[<prev] [next>] [<thread-prev] [thread-next>] [day] [month] [year] [list]
Message-ID: <20211219190810.p3q52rrlchnokufo@ast-mbp>
Date: Sun, 19 Dec 2021 11:08:10 -0800
From: Alexei Starovoitov <alexei.starovoitov@...il.com>
To: Kumar Kartikeya Dwivedi <memxor@...il.com>
Cc: bpf <bpf@...r.kernel.org>,
Network Development <netdev@...r.kernel.org>,
netfilter-devel <netfilter-devel@...r.kernel.org>,
Alexei Starovoitov <ast@...nel.org>,
Daniel Borkmann <daniel@...earbox.net>,
Andrii Nakryiko <andrii@...nel.org>,
Martin KaFai Lau <kafai@...com>,
Song Liu <songliubraving@...com>, Yonghong Song <yhs@...com>,
John Fastabend <john.fastabend@...il.com>,
Maxim Mikityanskiy <maximmi@...dia.com>,
Pablo Neira Ayuso <pablo@...filter.org>,
Florian Westphal <fw@...len.de>,
Jesper Dangaard Brouer <brouer@...hat.com>,
Toke Høiland-Jørgensen <toke@...hat.com>
Subject: Re: [PATCH bpf-next v4 06/10] bpf: Track provenance for pointers
formed from referenced PTR_TO_BTF_ID
On Sun, Dec 19, 2021 at 11:40:44PM +0530, Kumar Kartikeya Dwivedi wrote:
> On Sun, Dec 19, 2021 at 11:13:18PM IST, Alexei Starovoitov wrote:
> > On Sat, Dec 18, 2021 at 9:25 PM Kumar Kartikeya Dwivedi
> > <memxor@...il.com> wrote:
> > >
> > > On Sun, Dec 19, 2021 at 10:35:18AM IST, Alexei Starovoitov wrote:
> > > > On Sat, Dec 18, 2021 at 8:33 PM Kumar Kartikeya Dwivedi
> > > > <memxor@...il.com> wrote:
> > > > >
> > > > > It is, but into parent_ref_obj_id, to match during release_reference.
> > > > >
> > > > > > Shouldn't r2 get a different ref_obj_id after r2 = r1->next ?
> > > > >
> > > > > It's ref_obj_id is still 0.
> > > > >
> > > > > Thinking about this more, we actually only need 1 extra bit of information in
> > > > > reg_state, not even a new member.
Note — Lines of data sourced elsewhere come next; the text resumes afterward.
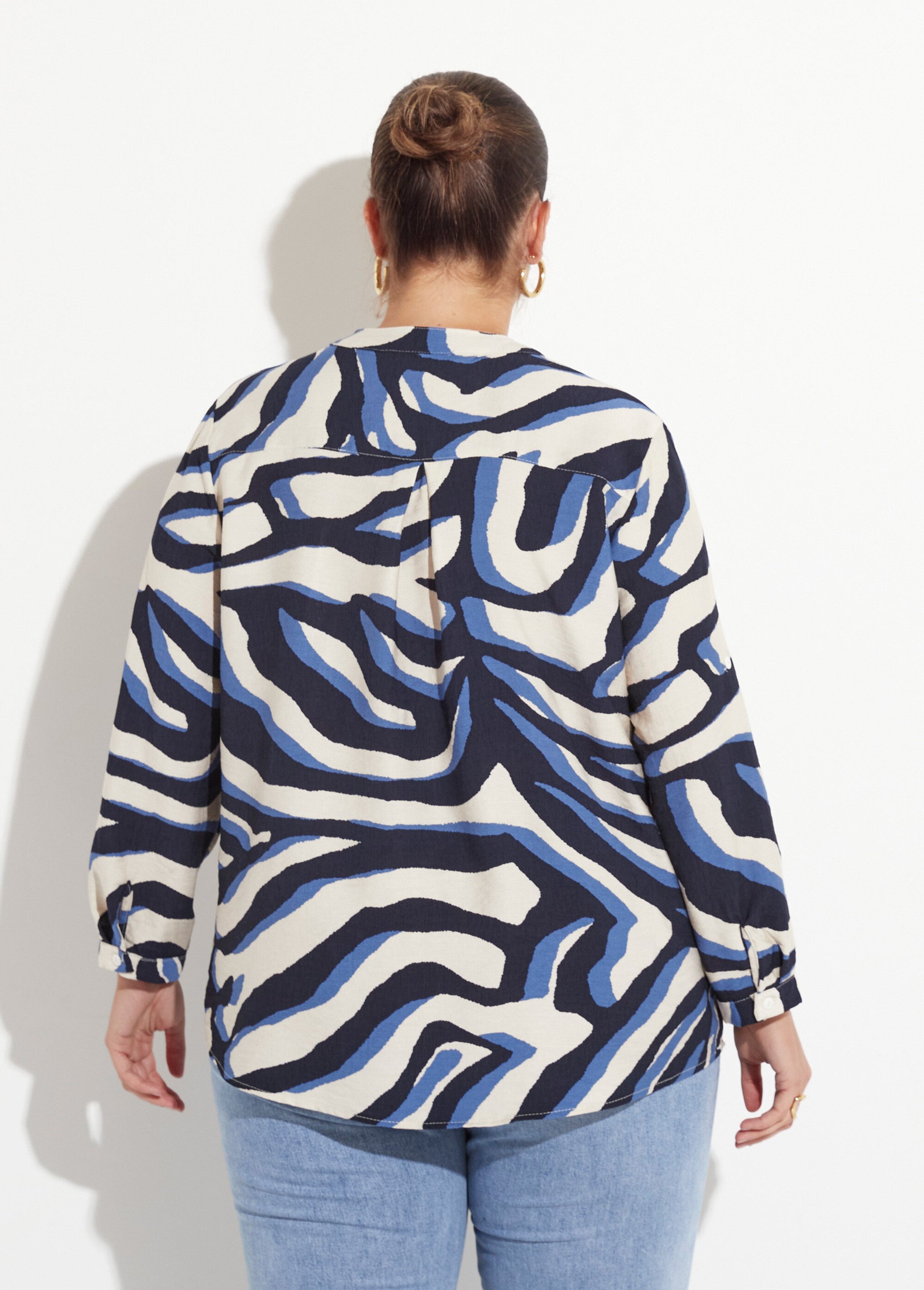 Blouse col V boutonné motif abstrait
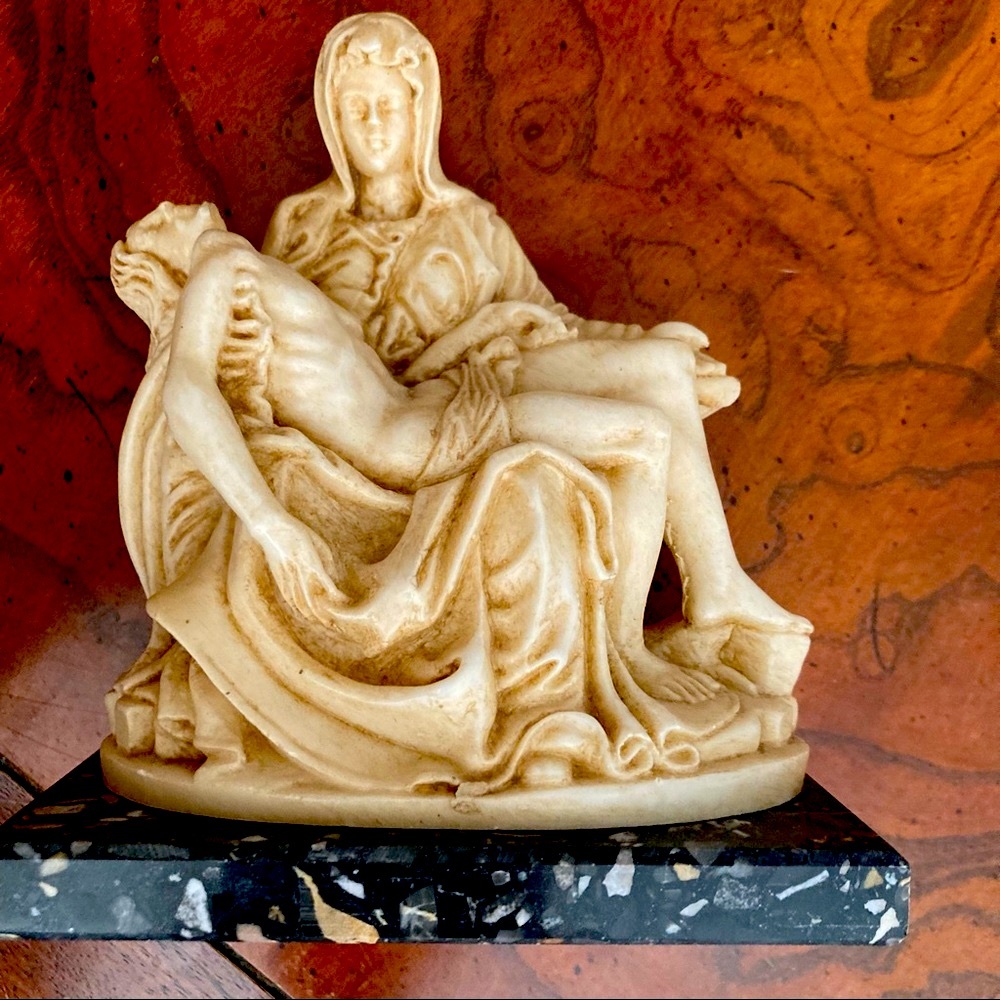 Italian statue vintage marble bottom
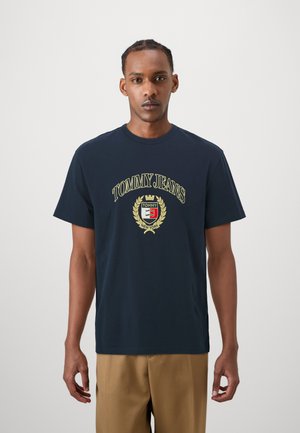 Tommy Jeans GOLD CREST TEE - Camiseta estampada - dark night navy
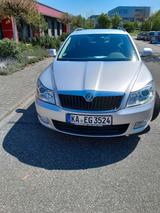 Skoda Octavia - Skoda Octavia aus 2012 mit Diesel-Antrieb: Kombi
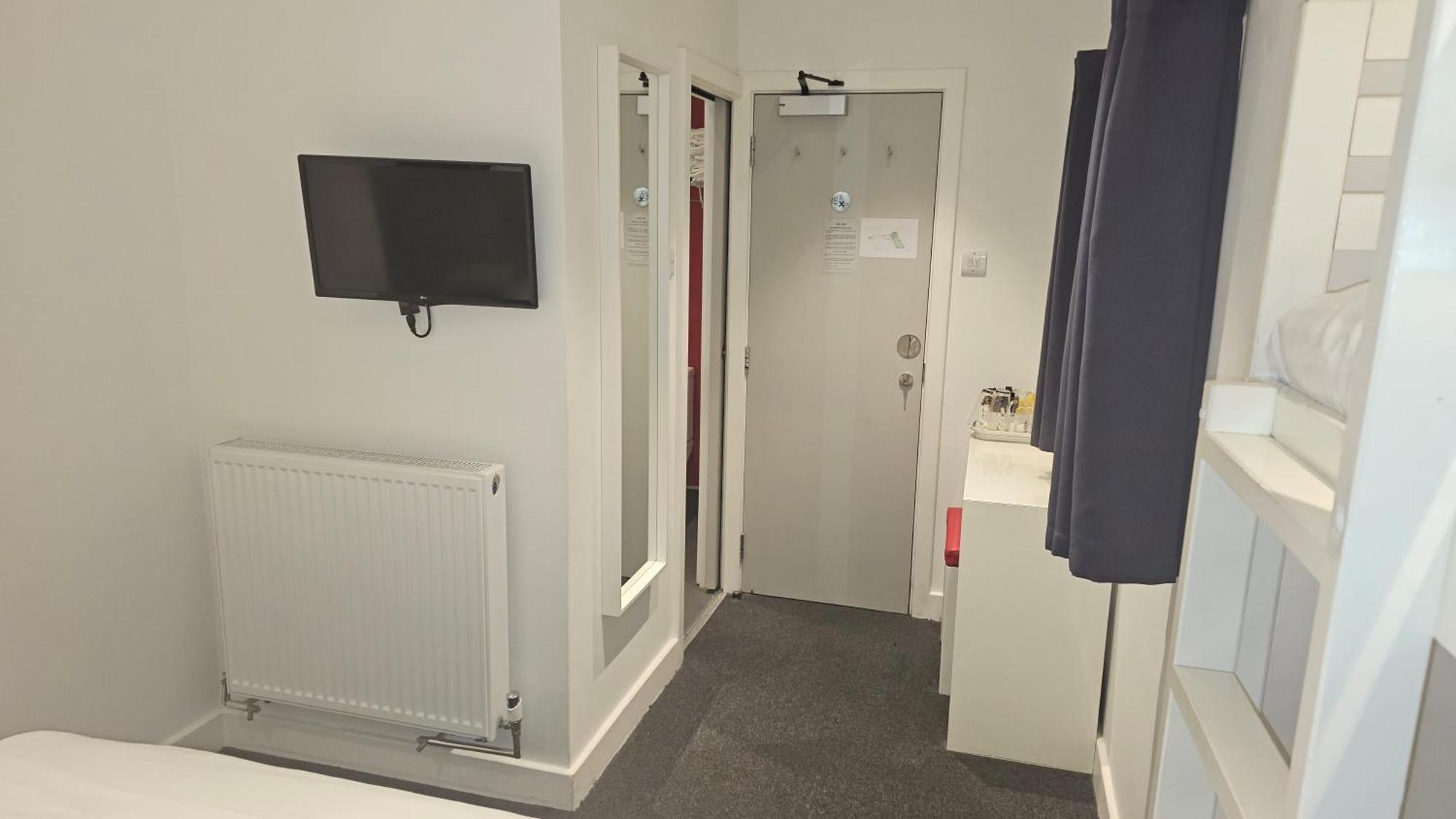 Meridiana Guest house London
We can simply copy ref_obj_id and set this
> > > > > bit, then we can reject this register during release but consider it during
> > > > > release_reference.
> > > >
> > > > It seems to me that this patch created the problem and it's trying
> > > > to fix it at the same time.
> > > >
> > >
> > > Yes, sort of. Maybe I need to improve the commit message? I give an example
> > > below, and the first half of commit explains that if we simply did copy
> > > ref_obj_id, it would lead to the case in the previous mail (same BTF ID ptr can
> > > be passed), so we need to do something different.
> > >
> > > Maybe that is what is confusing you.
> >
> > I'm still confused.
> > Why does mark_btf_ld_reg() need to copy ref_obj_id ?
> > It should keep it as zero.
>
> So that we can find deref pointers obtained from the reg having that ref_obj_id
> when it is released, and invalidate them. But since directly storing in
> ref_obj_id of deref dst_reg will be bad (if we get same BTF ID from deref we
> could now pass it to release kfunc), we add a new member and match on that.
>
> > mark_btf_ld_reg() is used in deref only.
> > The ref_obj_id is assigned by check_helper_call().
> > r2 = r0; will copy it, but
> > r2 = r0->next; will keep r2->ref_obj_id as zero.
> >
> > > > mark_btf_ld_reg() shouldn't be copying ref_obj_id.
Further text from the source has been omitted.